═══ Dataset records
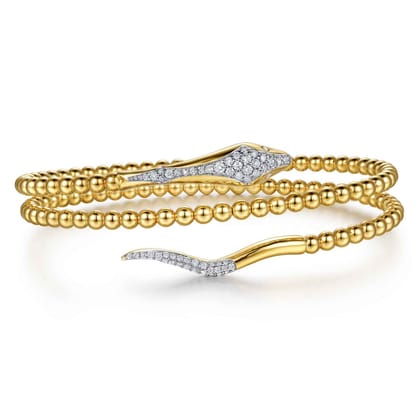 14K Yellow Gold Bujukan Beaded and Diamond Snake Wrapped Bangle Bracelet
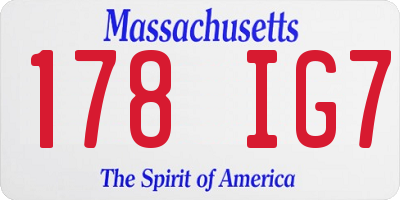 MA license plate 178IG7
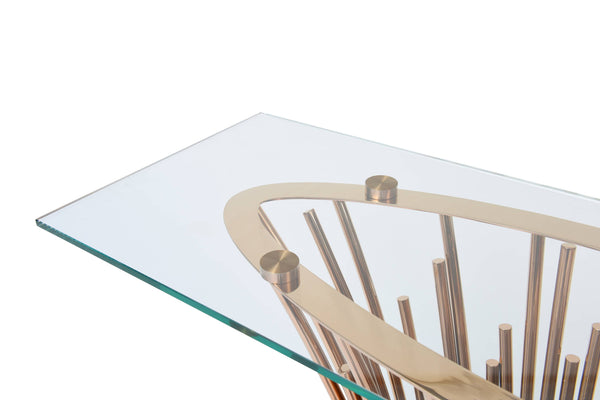 Modrest Paxton Modern Glass & Rosegold Console Table Model VGVCK817-CS-RG-CT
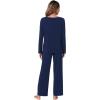 imageWiWi Pajamas Sets for Women Soft Long Sleeve Tops and Pants Sleepwear Ladies Pjs Viscose from Bamboo Pj SXXLBnavy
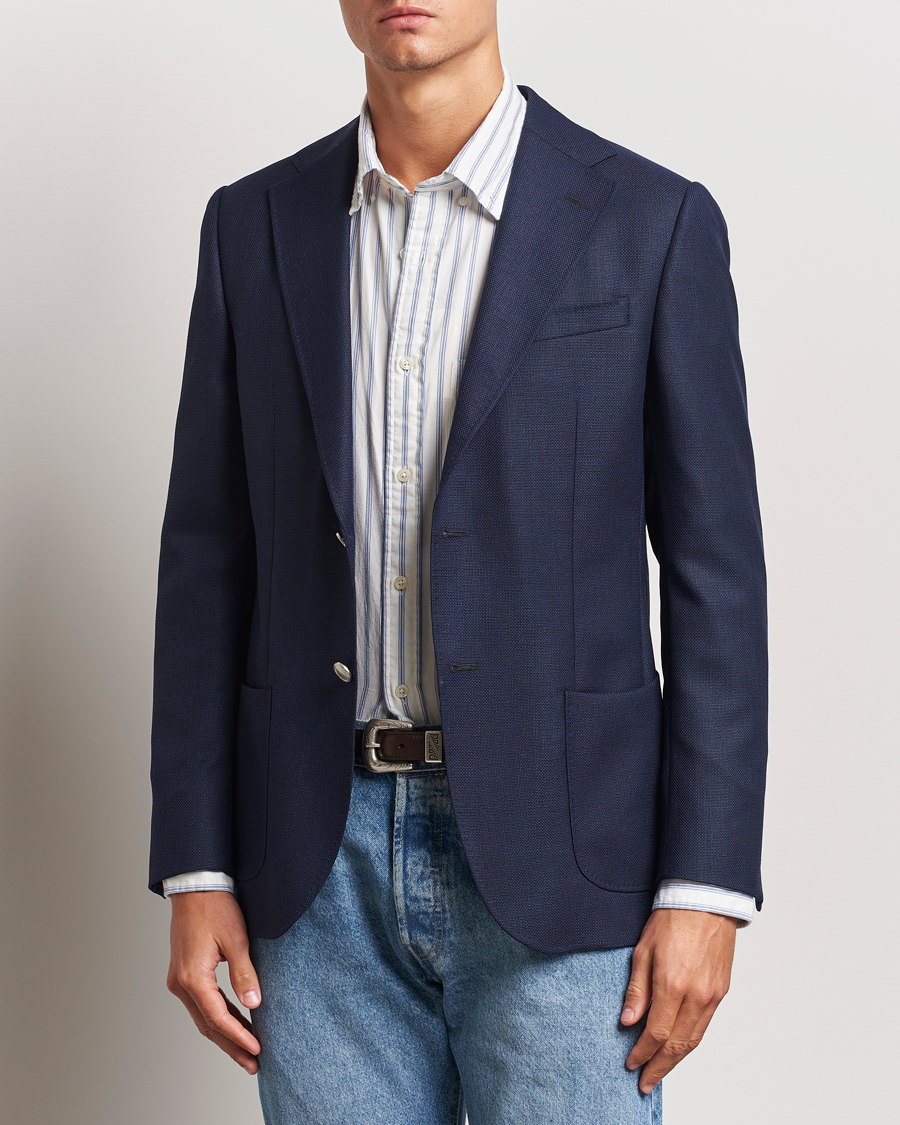 Morris Heritage Wool Hopsack Club Blazer Navy
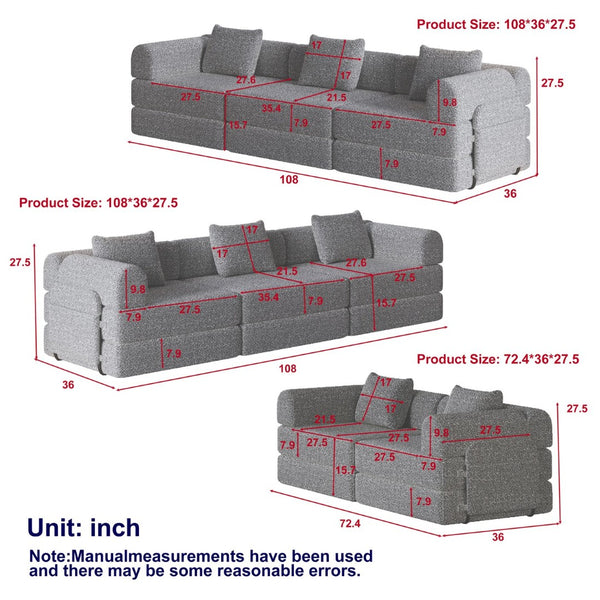English Elm 8-seater Chenille Modular Floor Sofa Bed with Storage Pockets for Bedroom or Study W3505S00008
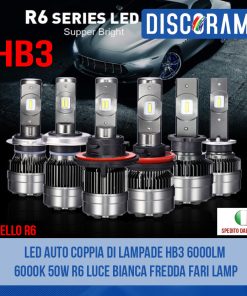 LED AUTO COPPIA DI LAMPADE HB3 6000LM 6000K 50W R6 LUCE BIANCA FREDDA FARI LAMP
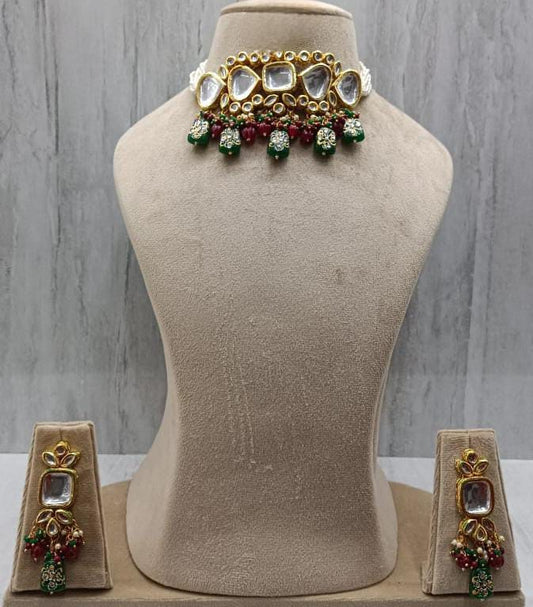 Handpainted Tanjore Choker green from jaipur for girls and women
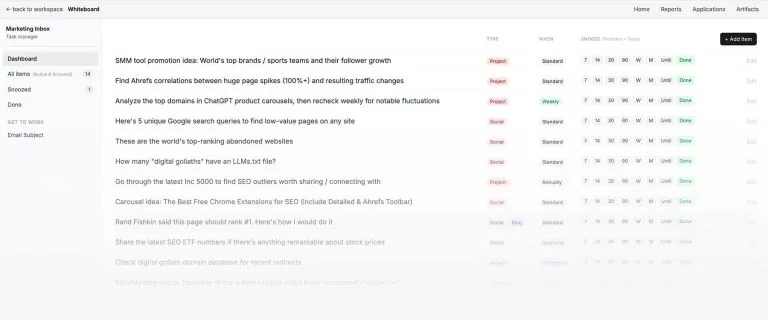 营销收件箱——列表视图,包含创意标题、类型(项目/社交/博客)、频率(标准/每周/每年/每季度/每两周/每月),以及每行的 7/14/30/90/W/M/直到/完成 稍后提醒按钮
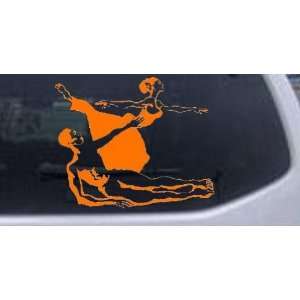 Orange 8in X 6.7in    Couple Ballerinas Dancing Silhouettes Car Window 
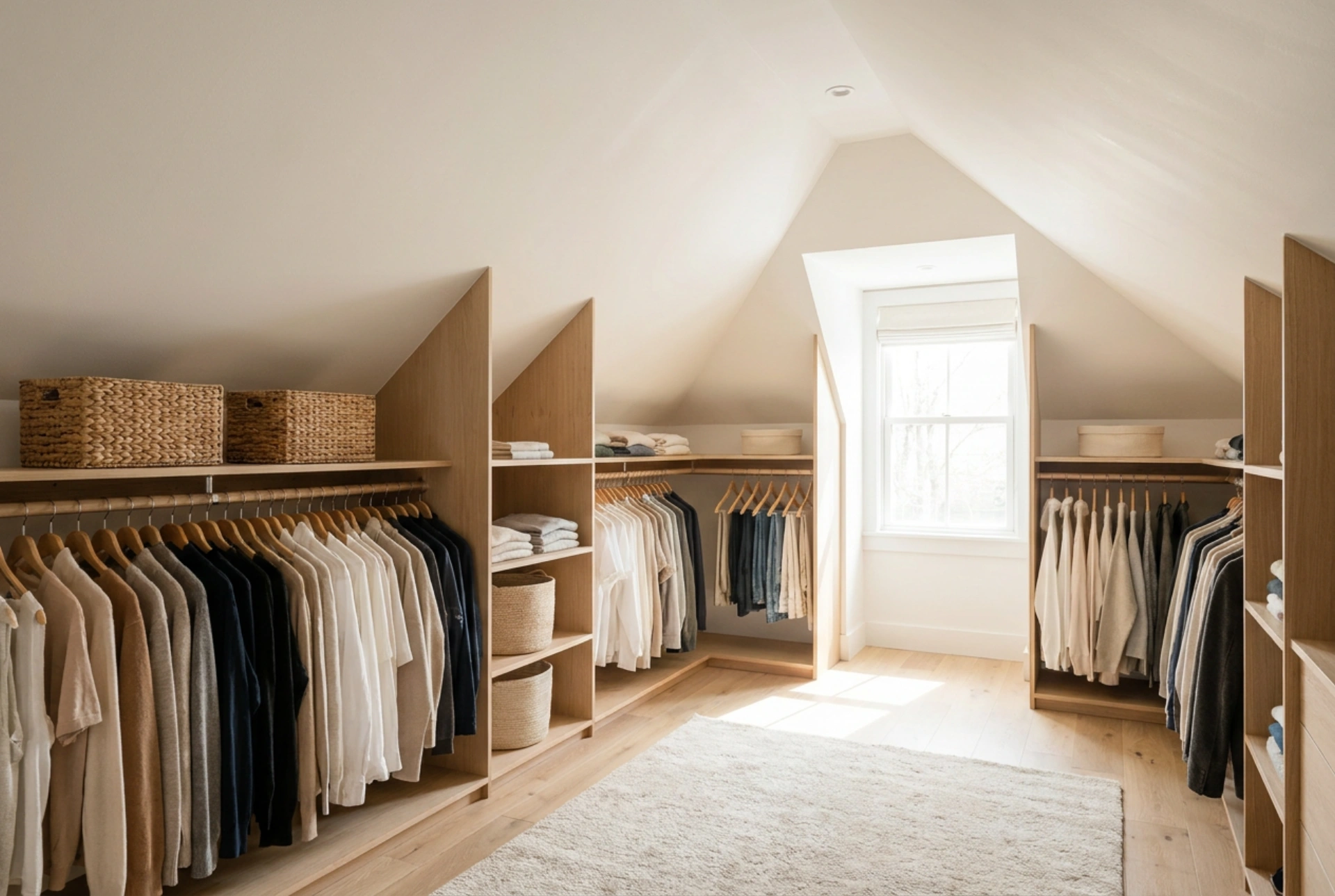 Como projetar um closet pequeno sob o teto inclinado sem criar passagens estreitas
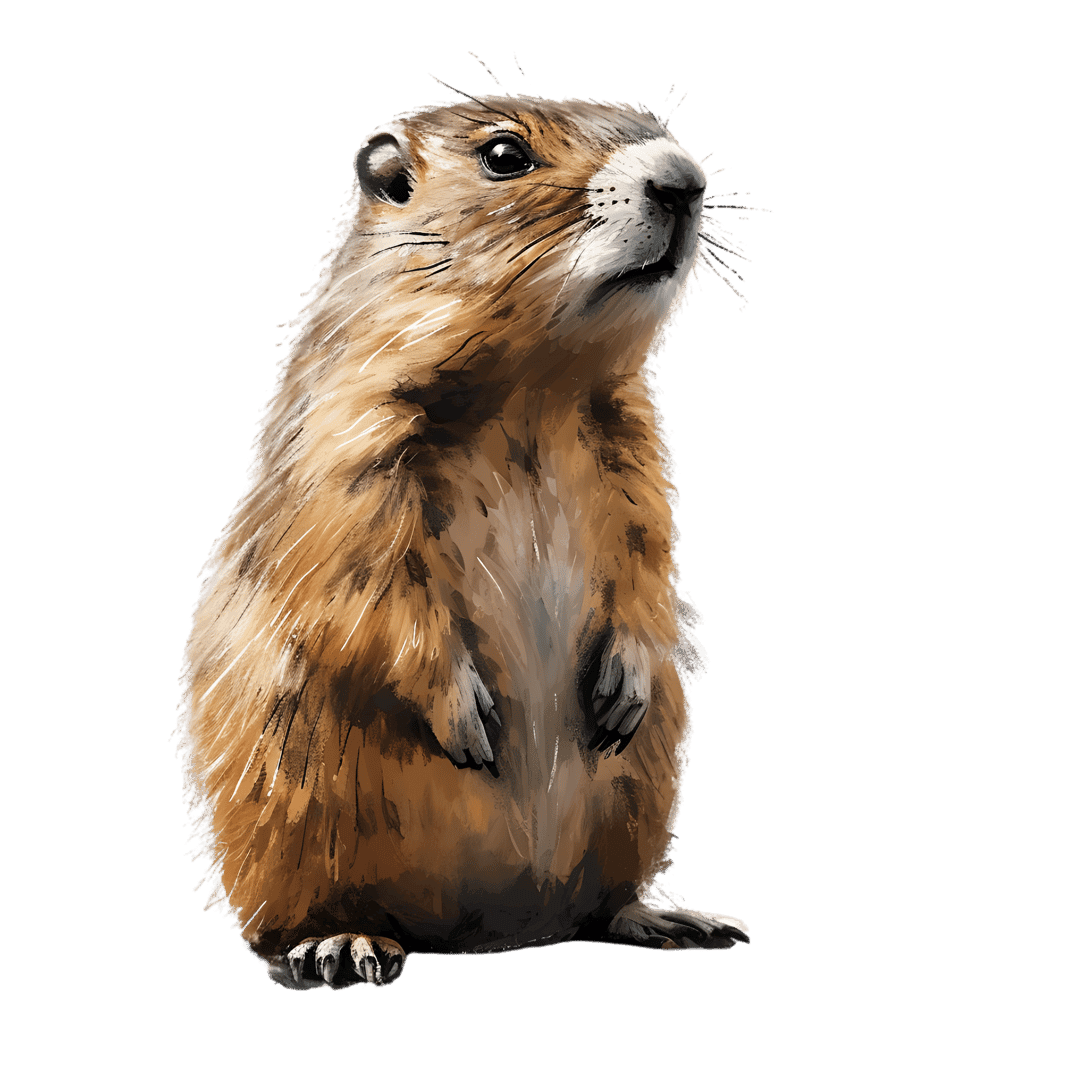 Groundhog painting showing brown fur textures and upright posture isolated on a transparent background.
══════
→ Your assignment
Your reply should consist of the data, transcribed exactly, and should hold no pictures.

→ Result
 14K Yellow Gold Bujukan Beaded and Diamond Snake Wrapped Bangle Bracelet
 MA license plate 178IG7
 Modrest Paxton Modern Glass & Rosegold Console Table Model VGVCK817-CS-RG-CT
 imageWiWi Pajamas Sets for Women Soft Long Sleeve Tops and Pants Sleepwear Ladies Pjs Viscose from Bamboo Pj SXXLBnavy
 Morris Heritage Wool Hopsack Club Blazer Navy
English Elm 8-seater Chenille Modular Floor Sofa Bed with Storage Pockets for Bedroom or Study W3505S00008
 LED AUTO COPPIA DI LAMPADE HB3 6000LM 6000K 50W R6 LUCE BIANCA FREDDA FARI LAMP
 Handpainted Tanjore Choker green from jaipur for girls and women
 营销收件箱——列表视图,包含创意标题、类型(项目/社交/博客)、频率(标准/每周/每年/每季度/每两周/每月),以及每行的 7/14/30/90/W/M/直到/完成 稍后提醒按钮
 Orange 8in X 6.7in    Couple Ballerinas Dancing Silhouettes Car Window 
 Como projetar um closet pequeno sob o teto inclinado sem criar passagens estreitas
 Groundhog painting showing brown fur textures and upright posture isolated on a transparent background.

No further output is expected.